Washington: A walk in a park is more than just a nice way to spend an afternoon -- it makes you more generous and sociable too.
"Through the decades, parks advocates, landscape architects, and popular writers have consistently claimed that nature had healing powers," said Frances `Ming` Kuo, environmental and behaviour researcher at the University of Illinois.
"But until recently, their claims haven`t undergone rigorous scientific assessment," added Kuo, who has studied the effect of green space on humans in a number of settings in order to prove or disprove the folklore notions.
"In greener settings, we find that people are more generous and more sociable.

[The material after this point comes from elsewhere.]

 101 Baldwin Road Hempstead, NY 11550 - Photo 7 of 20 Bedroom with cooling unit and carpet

We find stronger neighbourhood social ties and greater sense of community, more mutual trust and willingness to help others," Kuo said.
"Researchers have studied the effects of nature in many different populations, using many forms of nature," Kuo said, according to an Illinois statement.

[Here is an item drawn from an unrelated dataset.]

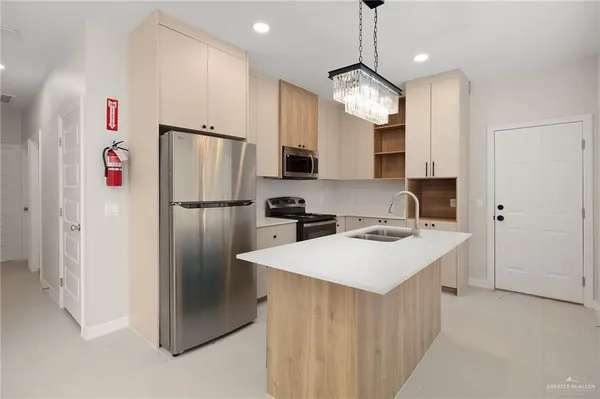 a kitchen with refrigerator a sink and a refrigerator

"They`ve looked at Chicago public housing residents living in high-rises with a tree or two and some grass outside their apartment buildings; college students exposed to slide shows of natural scenes while sitting in a classroom.
"But in the last decade or so, rigorous work on this question has become more of a rule than an exception." After undergoing rigorous scientific scrutiny, Kuo says the benefits of nature still stand.
"Just as rats and other laboratory animals housed in unfit environments undergo systematic breakdowns in healthy, positive patterns of social functioning, so do people," she said.